Specialist skills Intercultural skills Communication skills Critical thinking skills Practical and/or problem-solving skills

Class flow

Two professors of nuclear physics will give lectures: Prof. Emiko Hiyama (theory), and Prof. Takashi Nakamura (experiment)

Course schedule/Required learning

  Course schedule Required learning
Class 1 Basics of nuclear physics Understand the basics of nuclear physics
Class 2 Symmetry in nuclei Understand the symmetry and relevant physical observables in atomic nuclei
Class 3 Nuclear force I (Strong interaction, pion-exchange force, central force) Understand the basics of nuclear force
Class 4 Nuclear force II (Tensor interaction, Deuteron, non-central force, short-range repulsive force, three-body force) Understand the characteristic features of nuclear force, such as tensor force.
Class 5 Nuclear force III (Quantum chromo-dynamics, nuclear force via the quark and gluon model, Lattice QCD) Understand nuclear force in terms of QCD
Class 6 Nuclear Structure (Fermi gas model, Electron scattering, Form factor, Nuclear density) Understand the basics of nuclear structure
Class 7 Nuclear Models I (Single particle orbit, Mean field theory, Harmonic oscillator models, Spin-orbit interaction, Shell structure ) Understand the single-particle picture of atomic nuclei, such as shell models
Class 8 Nuclear Models II (Hartree-Fock Theory, Effective interactions, Excited states, Collective motion, Paring correlation ) Understand nuclear models based on mean-field theories
Class 9 Nuclear Models III (Chiral effective theory, Chiral perturbation theory of nuclei) Understand chiral effective theories and chiral perturbation theories.
Class 10 Nuclear Matter I (Binding energy, Coulomb force, Short-range correlation) Understand the basics of nuclear matter
Class 11 Nuclear Matter II (Bruckner theory, Saturation energy and density, Neutron matter, Neutron star, 3-body force) Understand properties of nuclear matter in a microscopic way. Learn applications, such as neutron star physics
Class 12 Unstable Nuclei I (Nuclear Stability, Decays, Nuclear chart, Drip lines) Learn about the basics of rare-isotopes physics
Class 13 Unstable Nuclei II (Neutron-rich nuclei, halo phenomena, Shell evolution and its dynamics) Understand the characteristic features of rare-isotope physics
Class 14 Nucleosynthesis (Stellar abundance, Big-Bang nucleosynthesis, Nucleosynthesis in stars) Understand nucleosynthesis microscopically using nuclear physics
Class 15 Super-heavy elements (Boundary of nuclear chart, r-process, Super-heavy elements) Learn about super-heavy element (nuclei)

Textbook(s)

Not specified

Reference books, course materials, etc.

Reference book: Fuantei-kaku-no-butsuri (Physics of Unstable Nuclei) by Takashi Nakamura (Publisher: Kyoritsu Shuppan)
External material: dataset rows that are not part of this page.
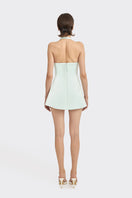 Light blue Cult Mia X Stolen Stores bow mini dress displayed on a mannequin, showcasing its stylish design and fit.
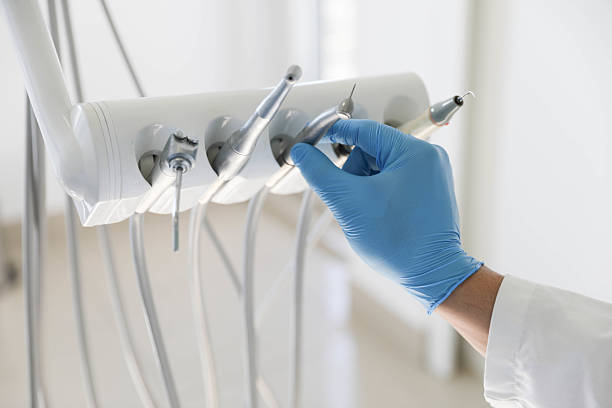 Professional Tooth Extraction technician working in Oak Grove, TN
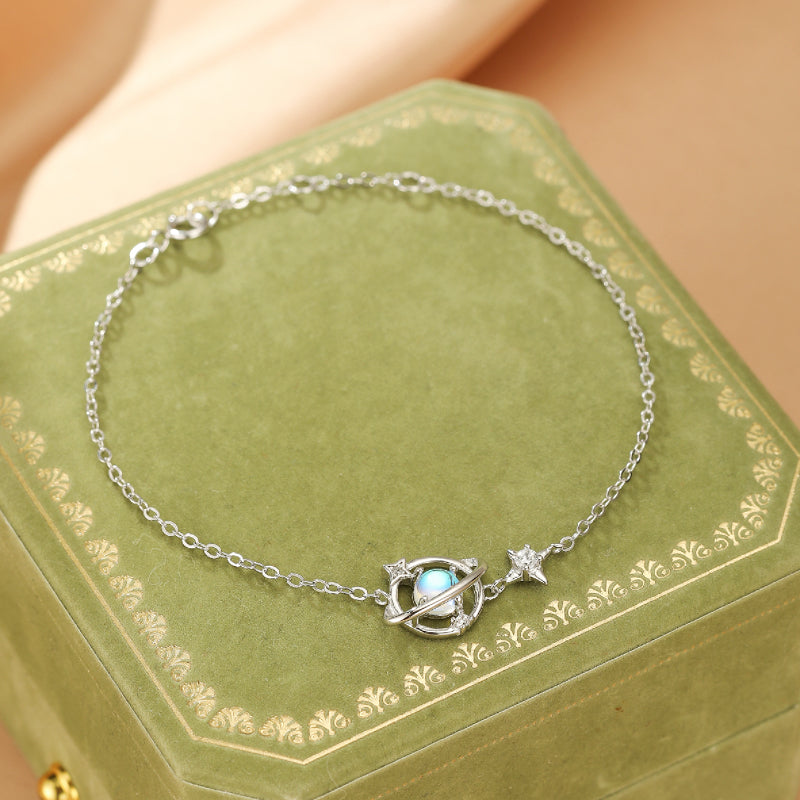 Bracelet en argent 925 avec un pendentif planète orné d'une pierre de lune et d'une étoile scintillante, style galactique.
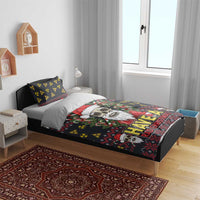 Black skull Santa bedding set on bed with “Have a Rad Christmas” design and hazard patterns.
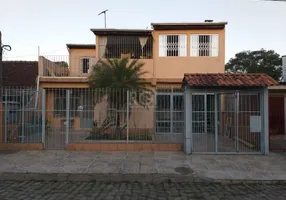 Foto 1 de Casa com 4 Quartos à venda, 89m² em Restinga Nova, Porto Alegre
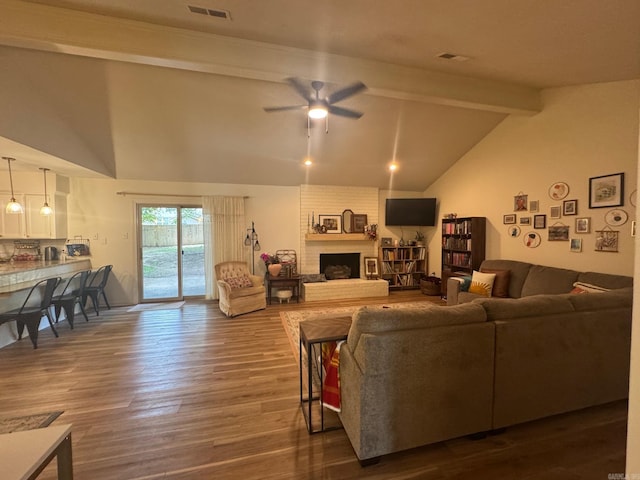 living area with dark wood-type flooring, ceiling fan, and a fireplace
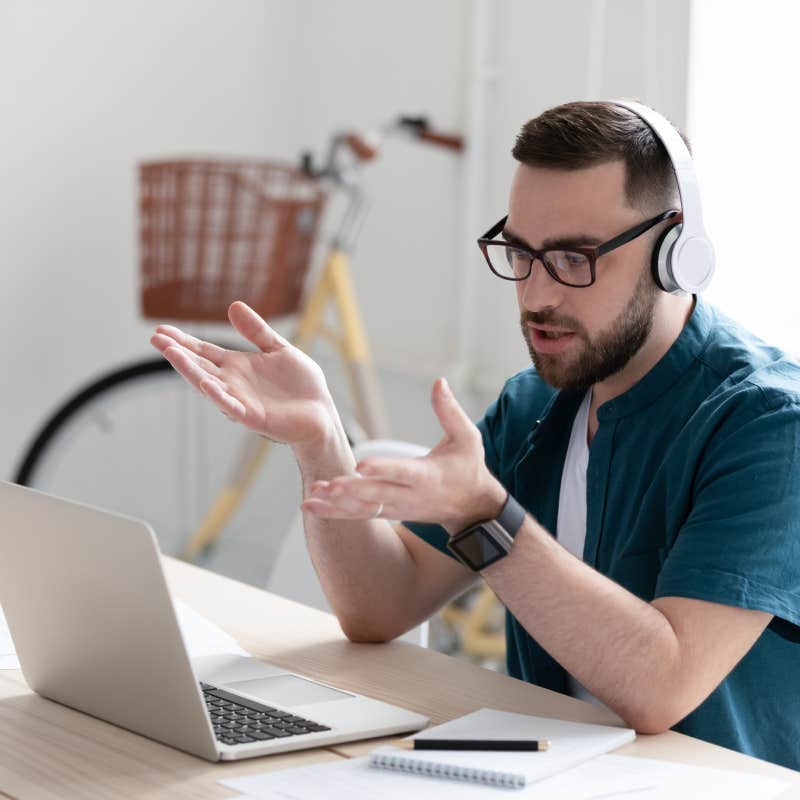 focused young businessman in eyewear wearing headphones, holding video call with clients on laptop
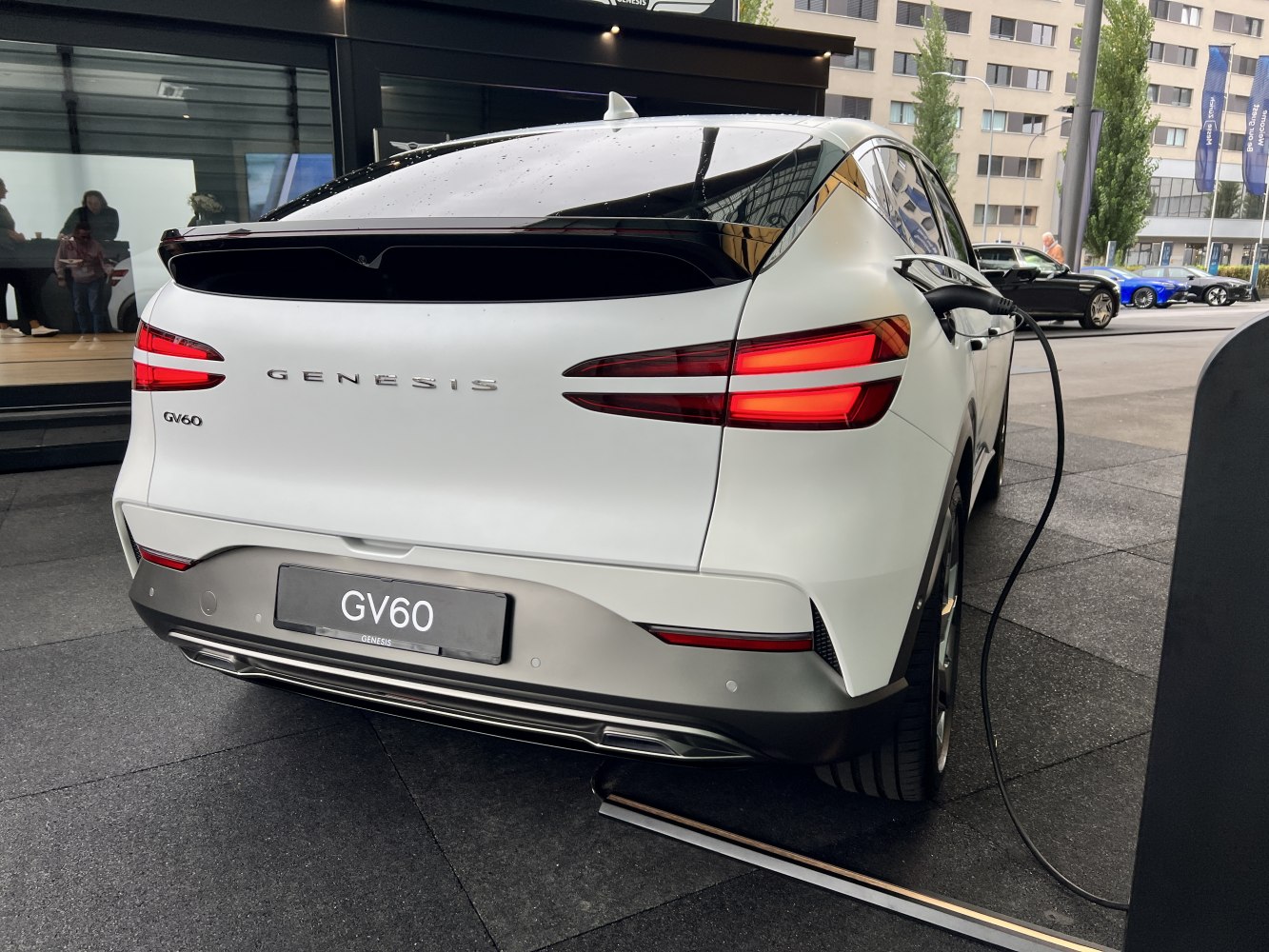 Rear view with LED taillights and charging port of a modern electric vehicle.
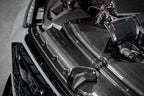 Eventuri black carbon intake system installed in engine bay of Audi C8 RS6 and RS7 performance vehicles.
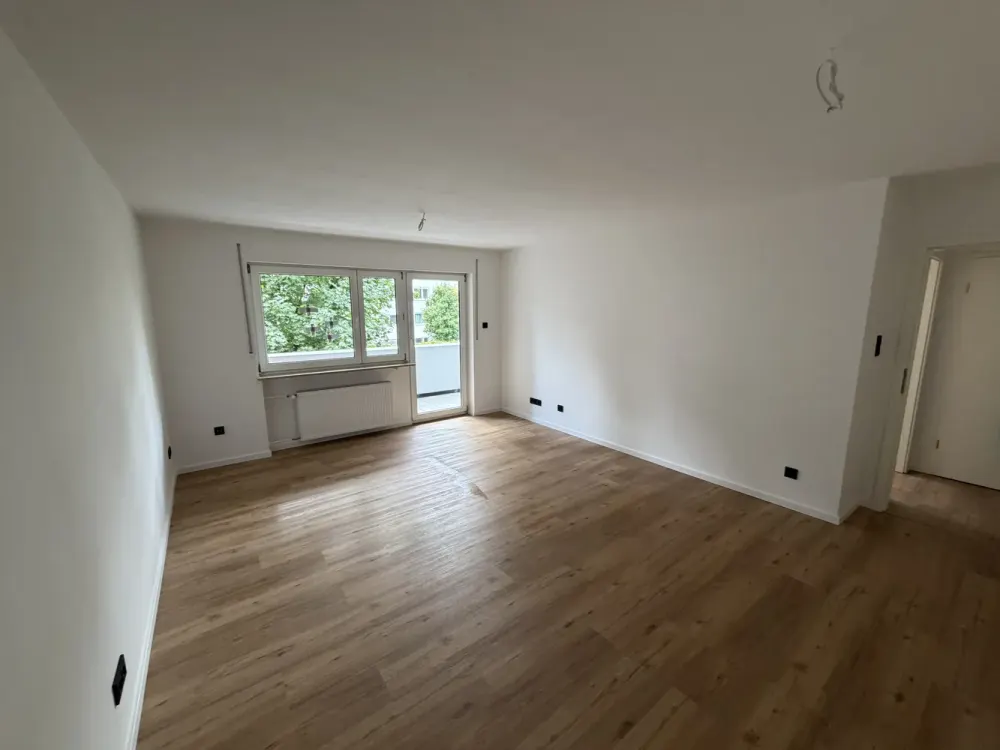 First Occupancy After Complete Renovation - 2-Room Apartment with Balcony and Fitted Kitchen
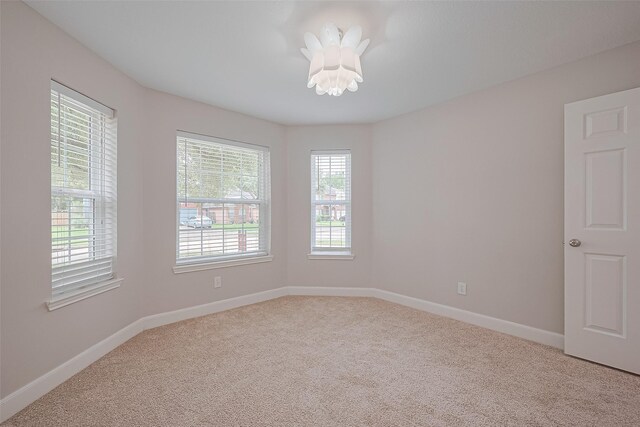 2902 Secluded Dr, Sugar Land, TX 77498 - empty room with light carpet, baseboards, and a chandelier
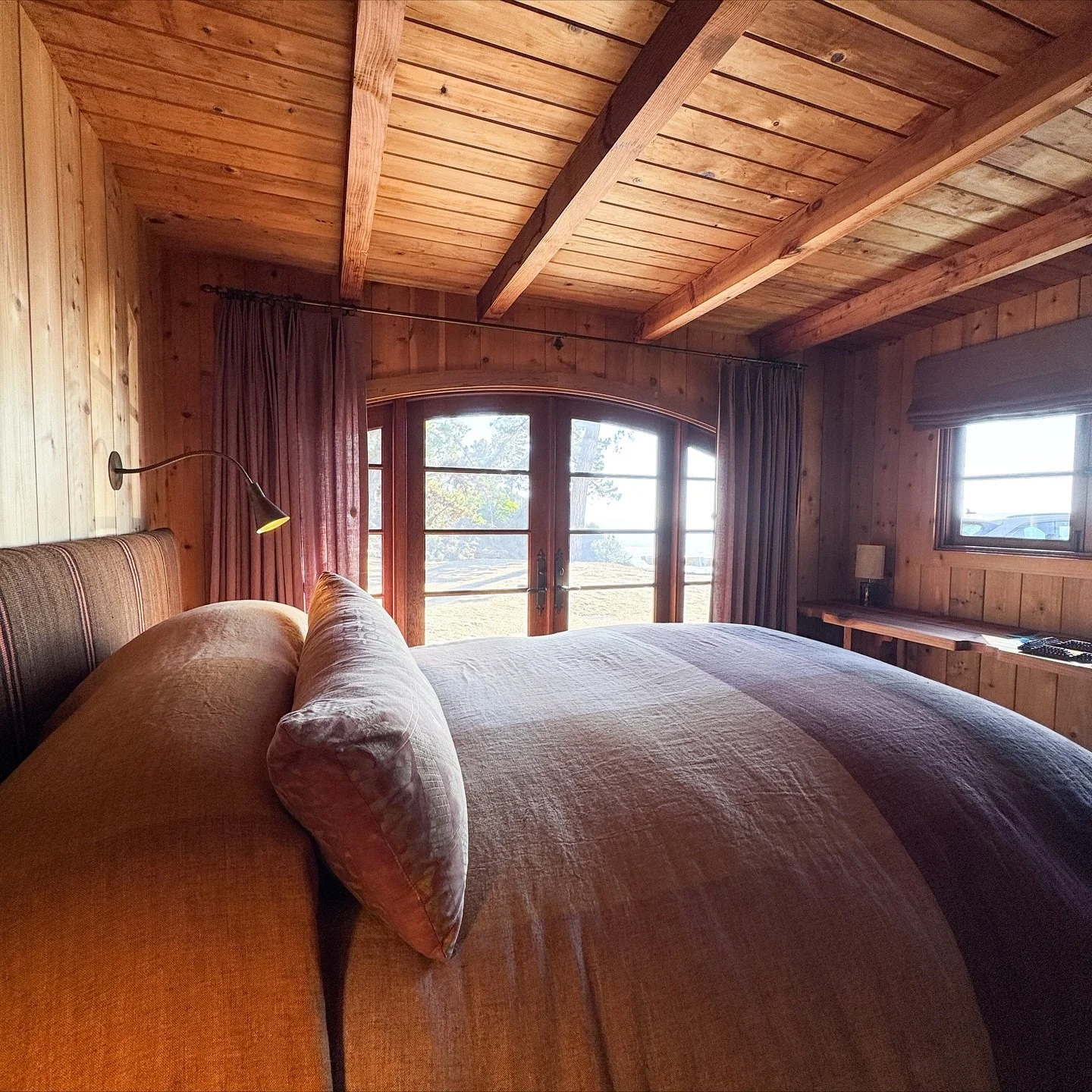 Big Sur cottage pt. II. Moody linen drapery and a flat front Rom&aacute;n shade in this guest bedroom.  Analog functionality and natural materials, with a touch of technology with the motorized roller shades for some hard to reach clerestory windows 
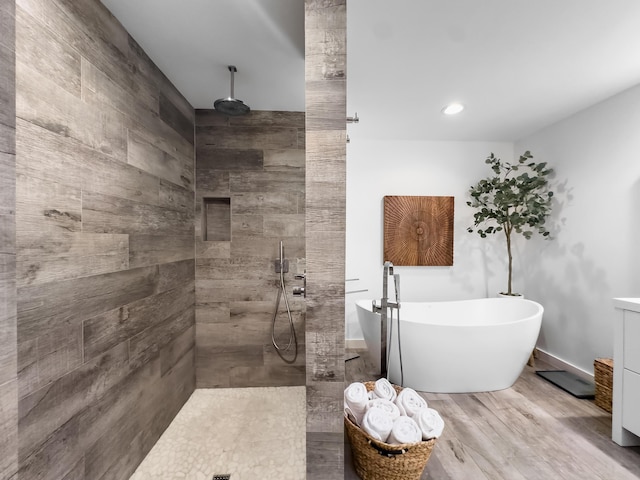 bathroom featuring vanity, independent shower and bath, and hardwood / wood-style flooring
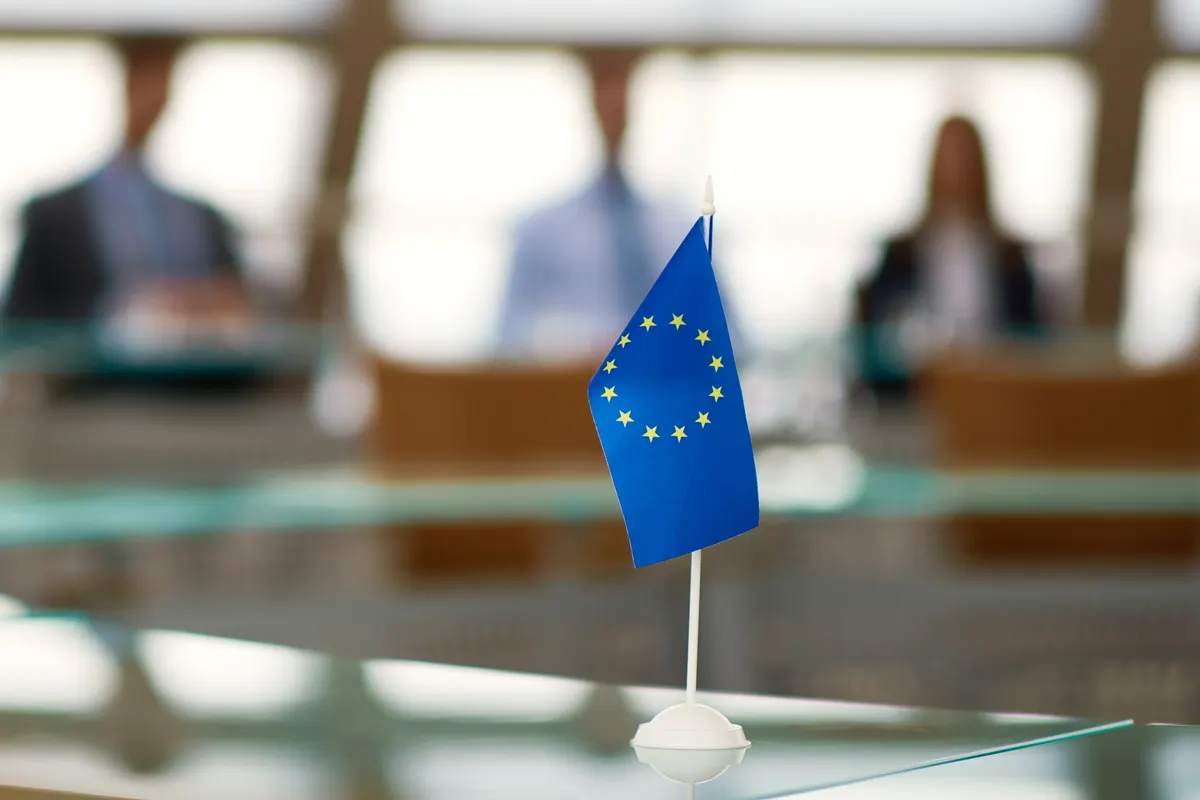 A small European Union flag on a meeting table, with colleagues in conversation blurred behind it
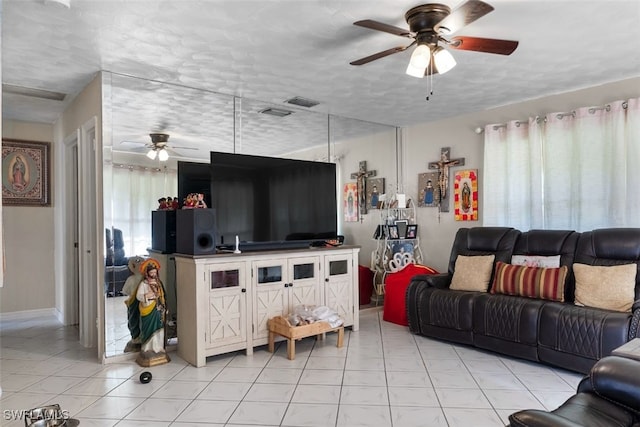 1154 4th Way N, Fort Myers, FL 33903 - living room featuring ceiling fan, a textured ceiling, light tile patterned floors, and baseboards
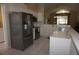 Spacious kitchen with stainless steel appliances, white cabinets, and view of the vaulted living room at 11091 Sw 73Rd Ct, Ocala, FL 34476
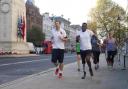 Ben McBean in Whitehall on his 31-mile run through the streets using the outline of a poppy on the London map [photos: David Parry/PA Wire]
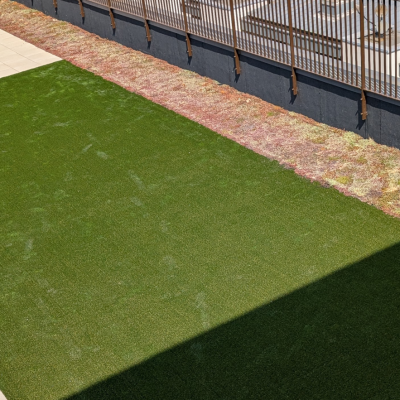 Hot Melt Roofing South East – artificial grass section surrounded by slab paving on rooftop deck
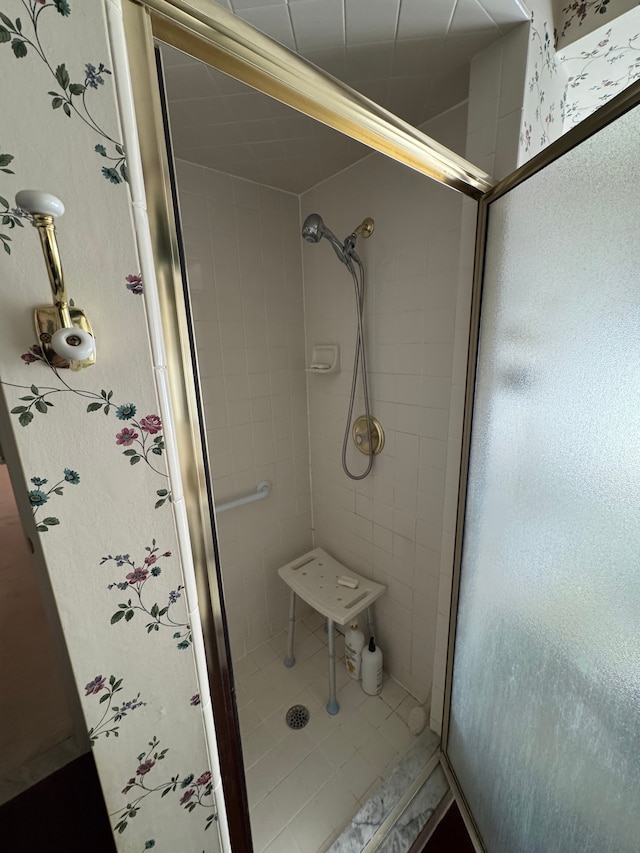 bathroom with a stall shower and wallpapered walls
Assessment criteria and methods

To be evaluated based on report(s) dealing with problems indicated in the class

Related courses

  • PHY.F430 : Hadron Physics
  • PHY.F436 : Advanced Particle Physics
  • PHY.F350 : Nuclear Physics
  • PHY.F351 : Elementary Particles
  • PHY.Q438 : Quantum Mechanics of Many-Body Systems
  • PHY.Q208 : Quantum Mechanics II
  • PHY.Q311 : Quantum Mechanics III
  • PHY.Q331 : Relativistic Quantum Mechanics

Prerequisites (i.e., required knowledge, skills, courses, etc.)

Basic under-graduate quantum physics course is a prerequisite.